• Supplied entries
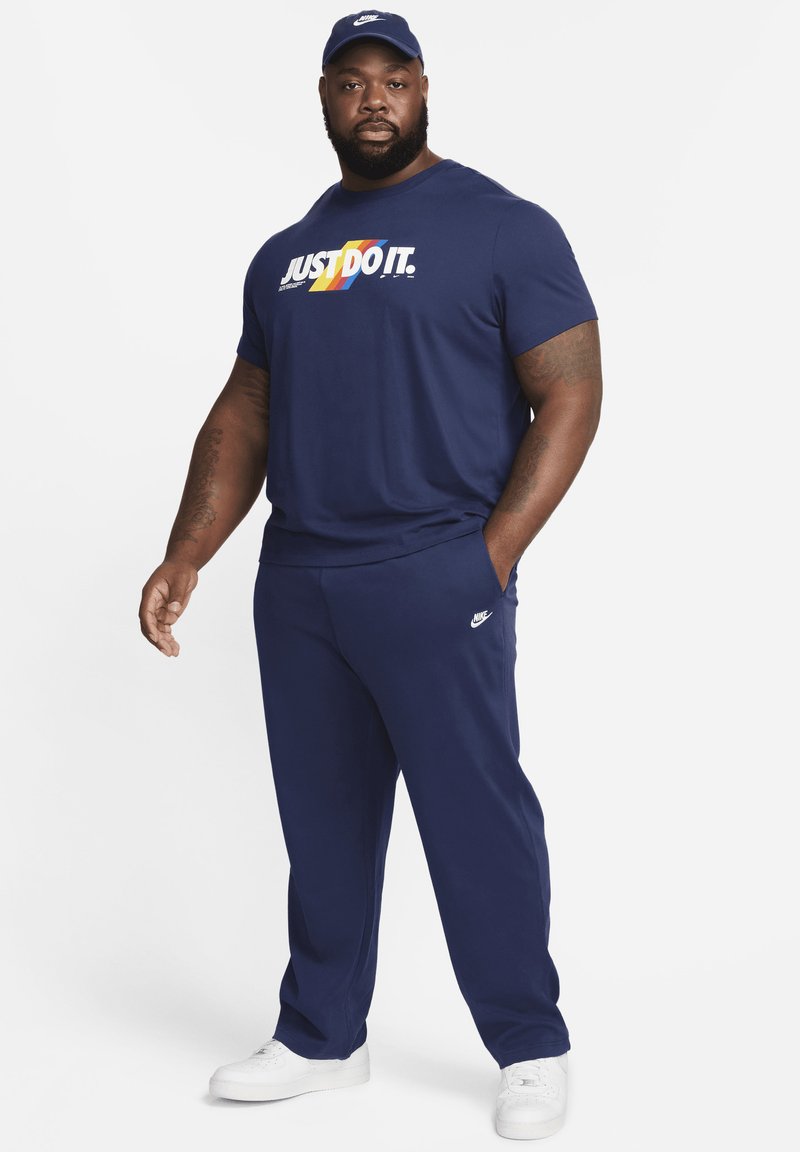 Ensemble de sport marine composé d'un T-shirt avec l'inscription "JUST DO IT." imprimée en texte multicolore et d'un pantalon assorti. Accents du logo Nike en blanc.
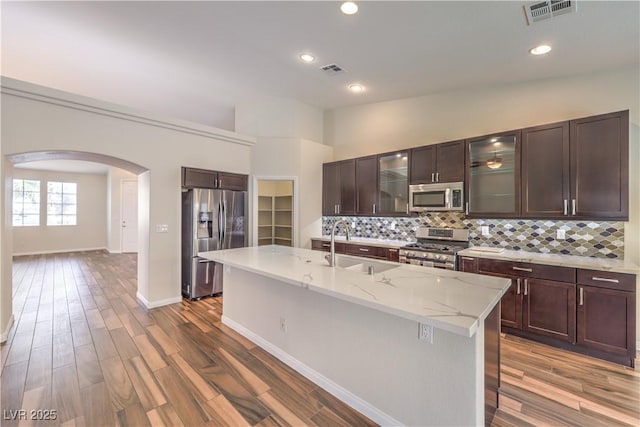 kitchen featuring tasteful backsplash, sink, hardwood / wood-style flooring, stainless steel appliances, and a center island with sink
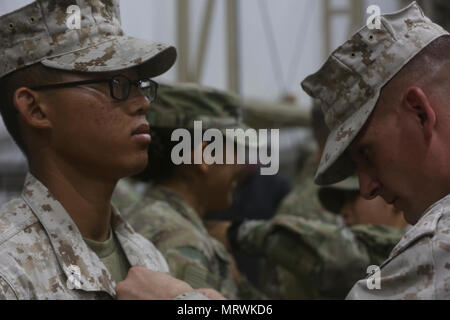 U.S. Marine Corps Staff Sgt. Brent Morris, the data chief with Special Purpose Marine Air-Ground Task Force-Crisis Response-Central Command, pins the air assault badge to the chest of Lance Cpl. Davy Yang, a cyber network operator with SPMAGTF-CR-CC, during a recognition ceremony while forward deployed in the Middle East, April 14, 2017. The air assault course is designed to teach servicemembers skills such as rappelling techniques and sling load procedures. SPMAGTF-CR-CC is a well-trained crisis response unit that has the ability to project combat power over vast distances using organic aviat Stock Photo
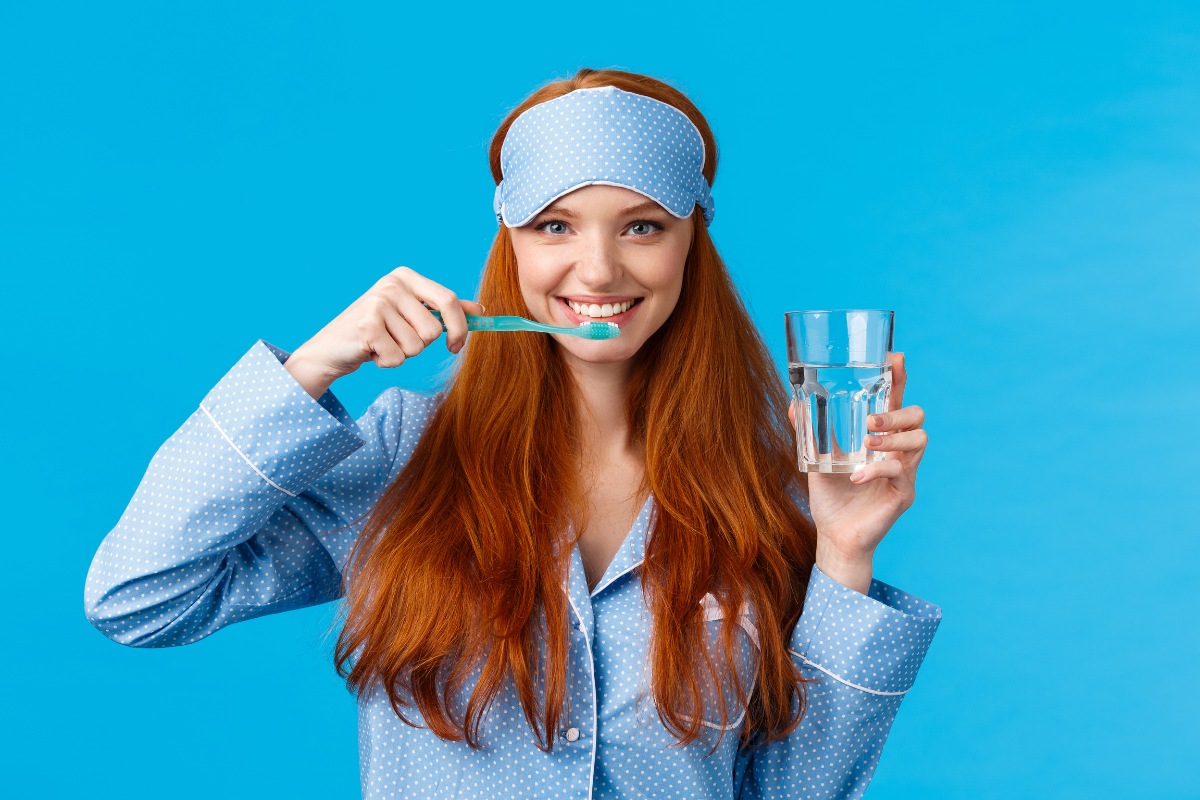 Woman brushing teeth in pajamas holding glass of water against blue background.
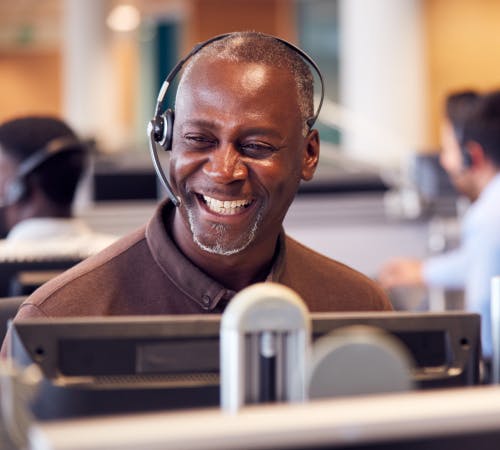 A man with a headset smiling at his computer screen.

• What the task asks
Repeat each line above exactly as it reads, omitting any pictures.

• Exercise response
 Ensemble de sport marine composé d'un T-shirt avec l'inscription "JUST DO IT." imprimée en texte multicolore et d'un pantalon assorti. Accents du logo Nike en blanc.
 kitchen featuring tasteful backsplash, sink, hardwood / wood-style flooring, stainless steel appliances, and a center island with sink
 U.S. Marine Corps Staff Sgt. Brent Morris, the data chief with Special Purpose Marine Air-Ground Task Force-Crisis Response-Central Command, pins the air assault badge to the chest of Lance Cpl. Davy Yang, a cyber network operator with SPMAGTF-CR-CC, during a recognition ceremony while forward deployed in the Middle East, April 14, 2017. The air assault course is designed to teach servicemembers skills such as rappelling techniques and sling load procedures. SPMAGTF-CR-CC is a well-trained crisis response unit that has the ability to project combat power over vast distances using organic aviat Stock Photo
 Woman brushing teeth in pajamas holding glass of water against blue background.
 A man with a headset smiling at his computer screen.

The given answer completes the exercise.